Weight is a primary concern in many industries, especially in aerospace, automotive, and portable electronic devices. The metal must offer the necessary strength without adding excessive weight. Titanium and magnesium are common metals when considering weight.

Corrosion Resistance

Resistance to corrosion and other chemicals can affect light metal performance. Metals like titanium are popular because they perform well in harsh environments or those exposed to corrosive elements.

Cost

Cost is always a significant factor in material selection. While lightweight metals like titanium offer excellent performance, they are often more expensive than alternatives like aluminum or magnesium.

Manufacturing Technique Available

The available manufacturing technique can also determine the choice of material. For example, metal casting is suitable for alloys with good flowability such as 2024 aluminum and magnesium. Forgin gand stamping is suitable for making high-strength parts using materials like aluminum. Machining is suitable for materials with high machinability such as aluminum and magnesium.

Other Alternatives to Lightweight Metal

Aside from metals, there are other lightweight materials suitable for part manufacturing. Two common ones include:

Composite Materials

Composite materials are engineered by combining two or more constituent materials with different physical and chemical properties. When combined, these materials produce a composite that performs better than the individual components, often with enhanced strength, lightweight characteristics, or resistance to environmental factors.

Properties of Composite

• They exhibit superior strength compared to their individual components.
• Many composites are lighter than traditional materials like metal or wood.
• Composites offer better wear, impact, and corrosion resistance.
• They are customizable which makes them easy to tailor to specific. 

Carbon Fiber

Carbon fiber, also known as graphite fiber, is a polymer renowned for its high strength and lightweight properties. It is composed of thin, strong crystalline filaments of carbon and is used to reinforce composite materials.

Properties of Carbon Fiber

• Carbon fiber is five times stronger than steel and twice as stiff, yet much lighter.
• It has high corrosion resistance.
• It can withstand high temperatures.
• Carbon fiber is moldable into various shapes and structures.

Conclusion

Lightweight metals like aluminum and titanium enable weight reduction, which makes them applicable in improving fuel efficiency, payload capacity, and overall performance.
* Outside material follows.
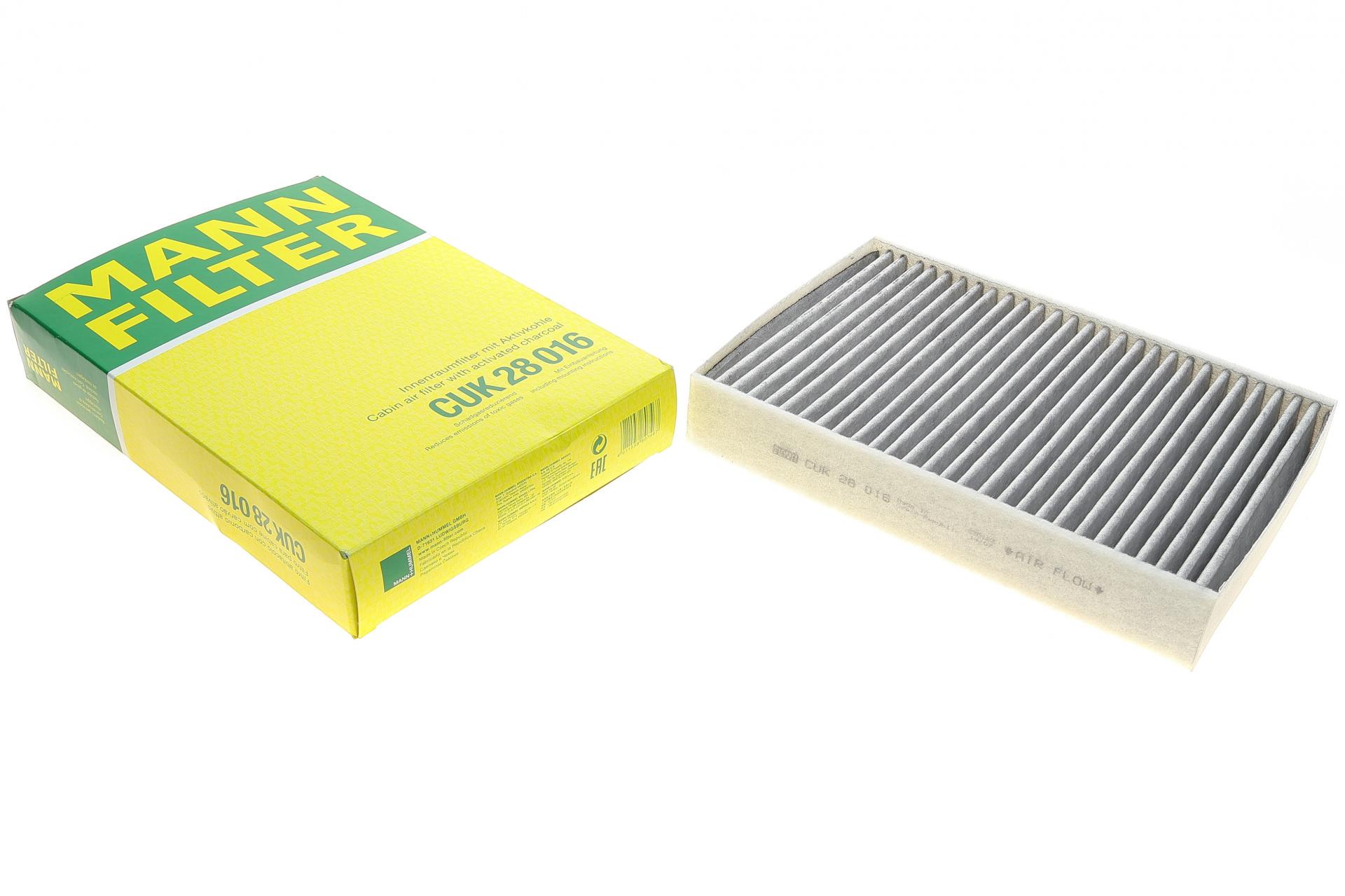 Фильтр салона Mann-Filter для (LAnd Rover Discovery/Range Rover Evoque 14- угольный (CUK 28 016) Фильтр салона Mann-Filter для (LAnd Rover Discovery/Range Rover Evoque 14- угольный (CUK 28 016)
Although some are expensive, they are very important in several industries, such as automotive, aerospace, medical, and marine.

FAQs

Can titanium rust?

Pure titanium cannot rust or corrode on exposure to liquids like chemicals, acids, and saltwater.

In what way do lightweight materials affect part design?

Lightweight materials enable complex geometries, reduced material waste, and innovative solutions, allowing for increased design flexibility.

What is the cheapest and lightest metal in part manufacturing?

The cheapest lightweight metal is aluminum, and the lightest metal is magnesium.

Is titanium lighter than aluminum?

Aluminum is lighter than titanium (2⁄3 times heavier than aluminum). However, titanium is stronger and requires less material to achieve the same physical strength as aluminum.